Gelsenkirchen. Bei der zweiten Techniknacht Ruhr bot sich 1500 Besuchern ein Einblick in den Industrieraum von BP und Sabic-Werke in Scholven – den größten Raffinerie-Chemiekomplex Deutschlands.

Über 100 Meter ragen die Türme heraus, Flammen und ein Lichtermeer erhellen den Nachthimmel. Ein Netz aus Rohren, soweit das Auge recht, Rauchschwaden und beißender Geruch erfüllen die Luft. Hier in Scholven fällt es nicht schwer, sich an die „Stadt der tausend Feuer“ zu erinnern. Doch hinter dem Geschäft mit dem schwarzen Gold steckt feinste Technik und jede Menge Know-How.

300 Hektar Werksgelände

„Know How“ lautete das Motto der 2. Techniknacht Ruhr. Von 18 bis 1 Uhr pilgerten die Besucher mit einem Ticket zu den 150 Führungen in Gelsenkirchen und den umliegenden Städten und erhielten eine Einführung in die Technik. Trotz trüben Herbstwetters nutzten rund 1500 Technik-Fans die Chance, sich aus der Nähe ein Bild vom Industriestandort Scholven zu machen. Im 30-Minuten-Takt wurden die Gäste in Bussen über das 300 Hektar große Kraftwerksgelände und hinauf auf die Halde Oberscholven geführt.

„Das ist unsere Hauptschlagader“, erklärt Klaus Schindler von BP und deutet auf die riesigen Pipelinerohre. Zwölf Millionen Tonnen Rohöl kommen hier pro Jahr an und werden in komplexen Destillationsprozessen weiter verarbeitet. „Bei der Destillation wird das Ausgangsgemisch zum Sieden gebracht, um verschiedene Komponenten voneinander zu trennen“, frischt Schindler das Wissen der Besucher auf. Rohöl, ein Mix aus Kohlenwasserstoffen mit unterschiedlichen Siedepunkten, wird im Röhrenofen bei 350° C in die einzelnen Komponenten getrennt.

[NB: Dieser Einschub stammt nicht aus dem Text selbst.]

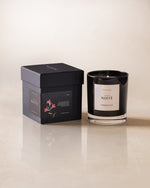 A black candle labeled 'NOITE' with a floral pattern on the packaging, presented next to its box on a light background.
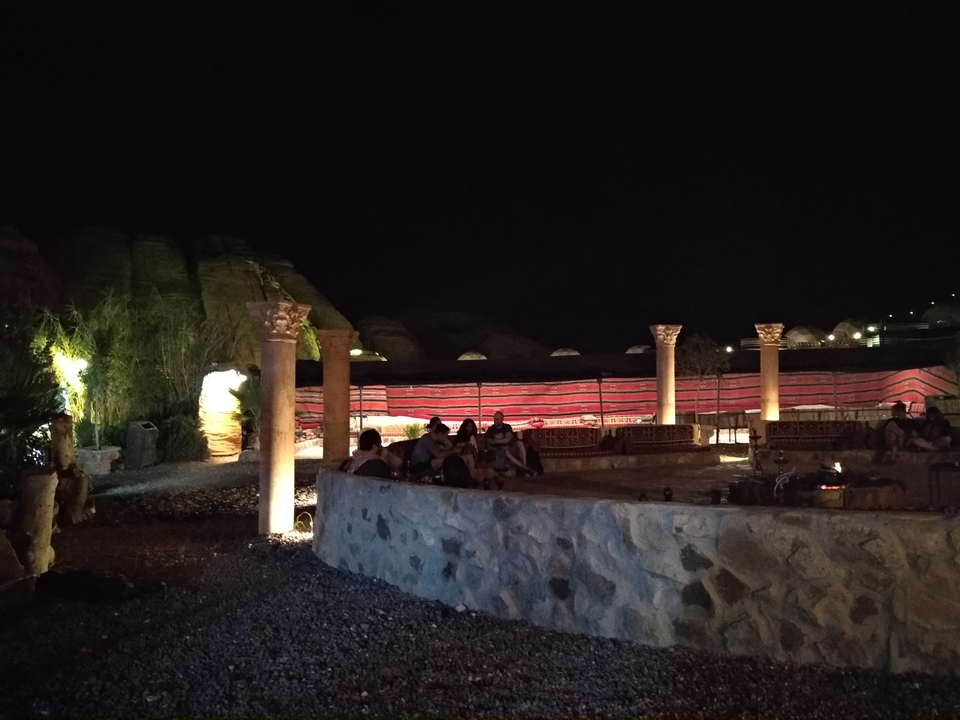 Cour extérieure de nuit avec des sièges en pierre et des structures en forme de tente.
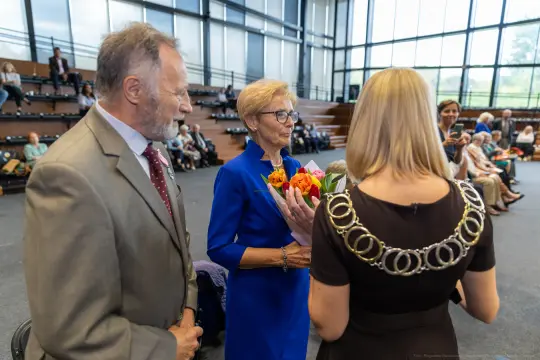 Uroczystość wręczenia kwiatów w sali z widownią.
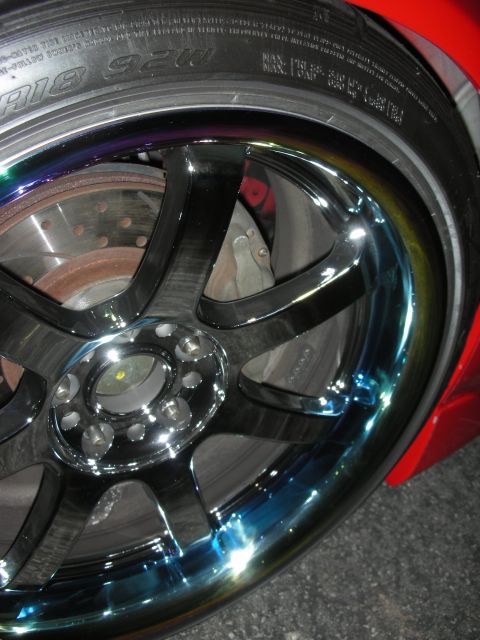 1998 Ford Crown Victoria - A close-up shot focuses on a custom chrome wheel, its intricate design and the tire's tread.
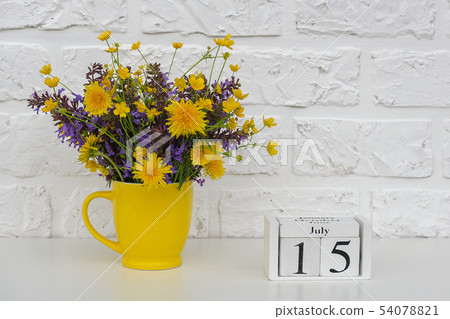 Wooden cubes calendar July 15 and yellow cup with bright colored flowers against white brick wall Wooden cubes calendar July 15 and yellow cup with bright colored flowers against white brick wall 54078821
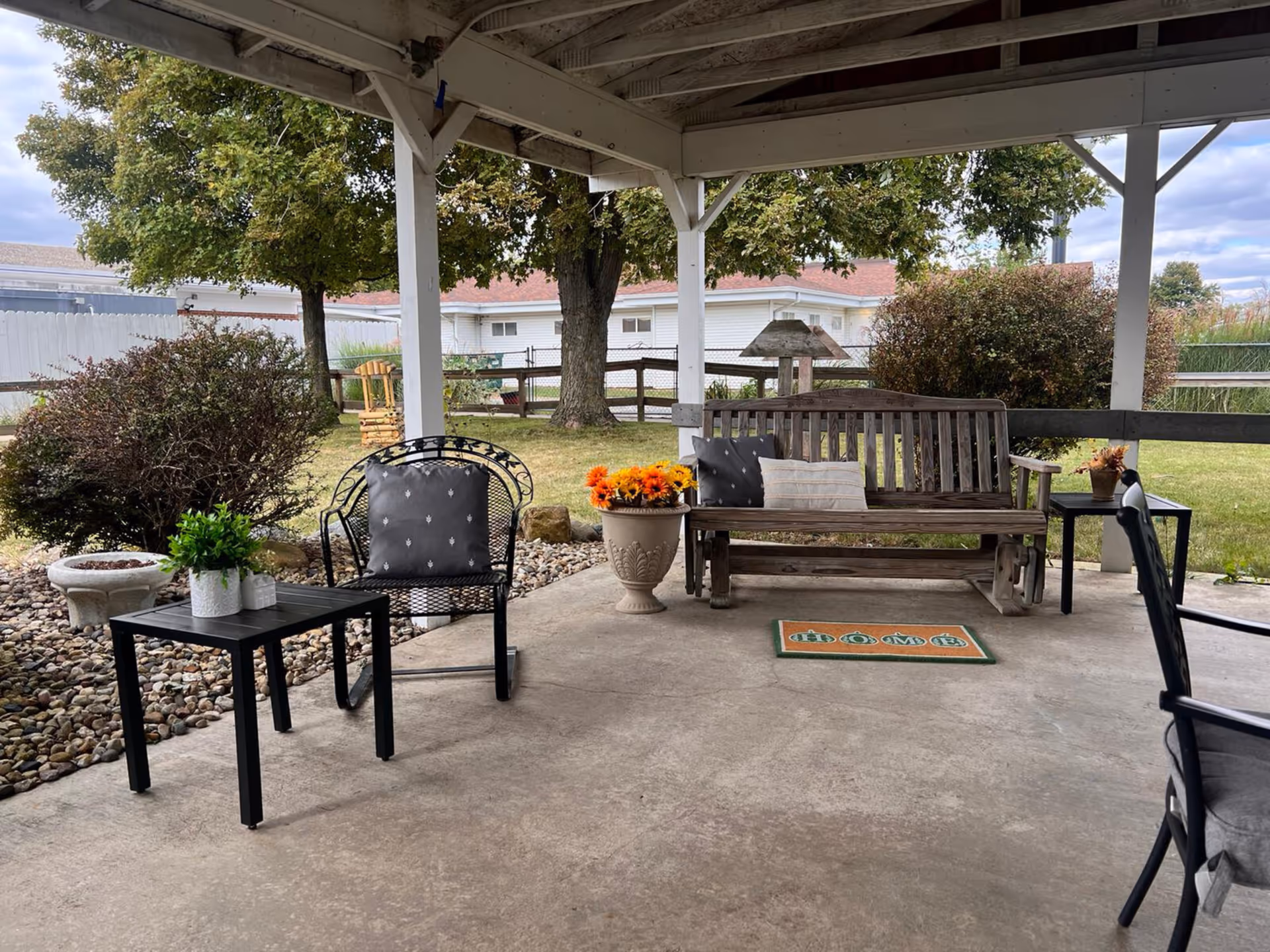 Covered outdoor patio area with a wooden bench adorned with two cushions, a black metal chair with a cushion, two small black tables with potted plants, a large flower pot with orange flowers, and a welcome mat on the concrete floor. The patio overlooks a grassy yard with trees, bushes, and a white fence in the background.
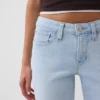 Crop-jeans med lav midje, lang og slank passform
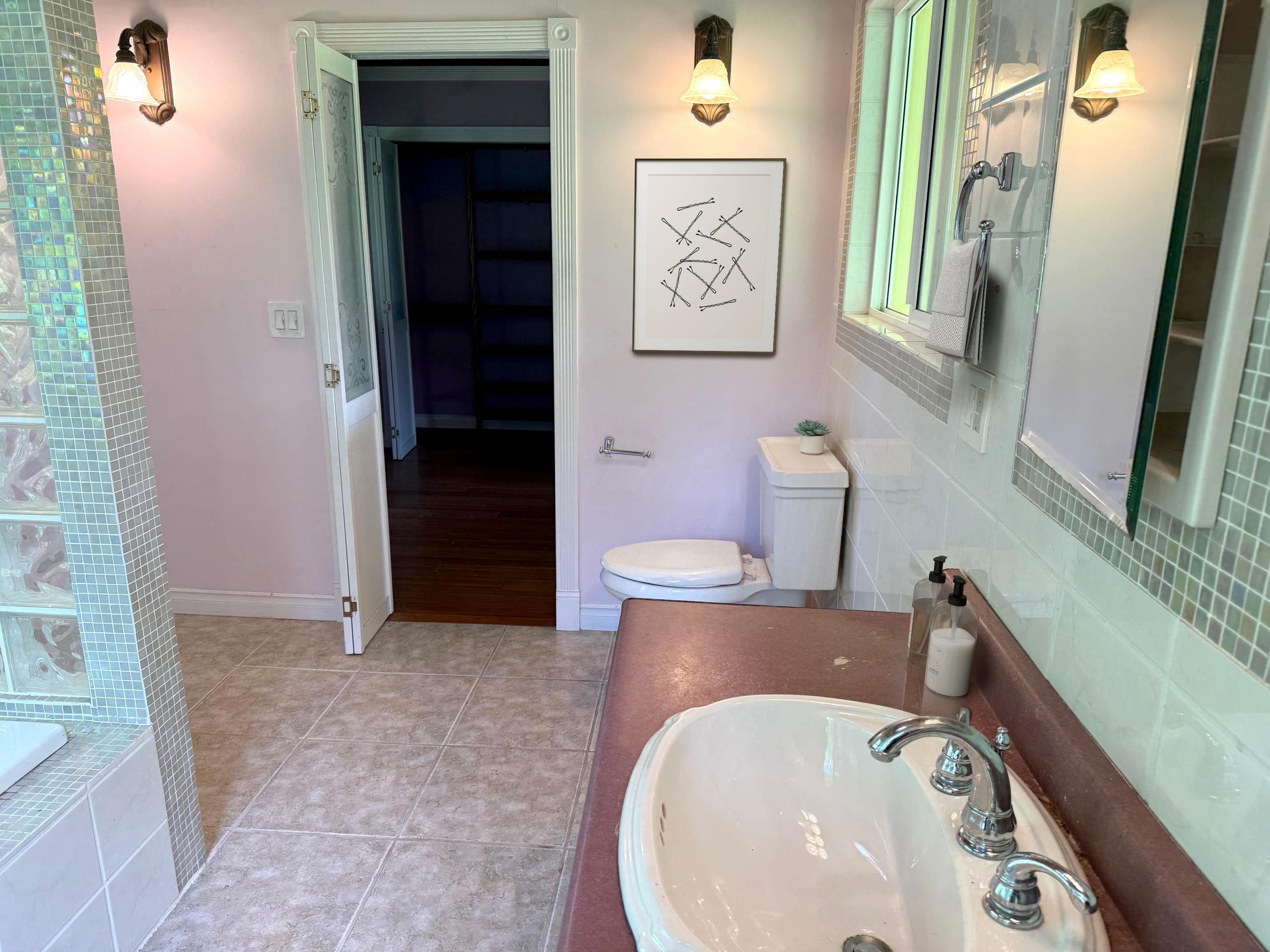 241 Ulaino Road Hana, HI 96713 - Photo 13 of 32 a bathroom with a sink and a mirror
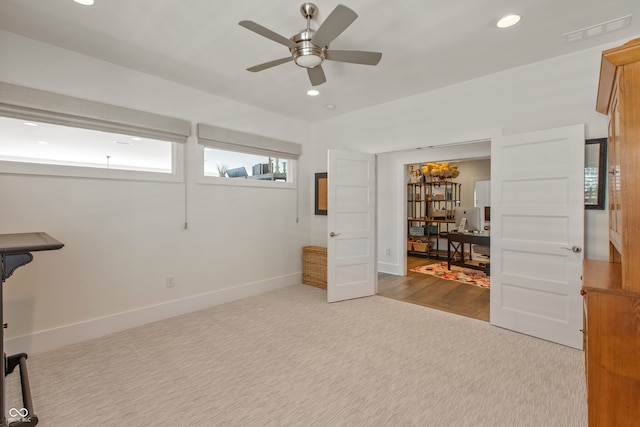 interior space with recessed lighting, baseboards, visible vents, and carpet floors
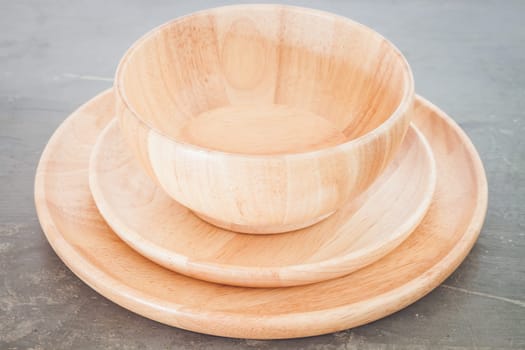 Wooden plate on grey background, stock photo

Jeder hatte schon mal ein solches Produkt in der Hand

Die „leichten“ Stoffe wie Flüssiggas sammeln sich oben, absteigend folgen Benzin, Diesel und Heizöl, die insgesamt rund 60% ausmachen. Die restlichen „schweren“ Stoffe werden per Vakuumdestillation, mit „Visbreaker“, „Hydrocracker“ und anderen Hi-Tech-Verfahren molekular aufgespalten und „verfeinert“. Während die meisten Stoffe nun mehr oder minder direkt in unsere Motoren und Heizungen gelangen, sind einige der „leichten“ Stoffe erst der Ausgangspunkt für Thomas Wüller und die Sabic.

Die Firma, die sich mehrheitlich im saudischen Staatsbesitz befindet, stellt Kunststoffgranulat her. Das Ausgangsprodukt, das von BP geliefert wird, wird von Sabic „polymerisiert“. Heraus kommen die Stoffe Polyethylen (PE) und Polypropylen (PP) – die beiden Kunststoffe, die weltweit am meisten Verwendung finden. „Aus den Kügelchen werden Abwasserrohre, Kinderspielzeuge, Lebensmittelverpackungen und vieles mehr“, erläutert der Experte. 1,3 Millionen Tonnen, zehn Prozent der europäischen Nachfrage, werden hier produziert. „Eins ist sicher: Jeder von ihnen hatte heute schon ein Produkt von uns in der Hand“.

Industrie in Scholven gestern und heute

Das 1935 erbaute Werk nutzte noch eine aufwendige Technik: Aus der reichlich vorhandenen Steinkohle wurden mit Hilfe von hohem Druck Kraftstoffe gewonnen. Das war nötig, schließlich war Deutschland international isoliert. Das Werk diente in den folgenden Jahren der Kriegsvorbereitung und wurde schließlich 1945 komplett zerstört.

Auch wenn die Geschichte negativ ist, profitiert der Standort noch heute: „Wir haben viele ausgewiesene Experten für technische Verfahren, die mit hohem Druck arbeiten“, erklärt Klaus Schindler. Insgesamt 3700 Menschen arbeiten heute in Scholven für Eon, Sabic und BP.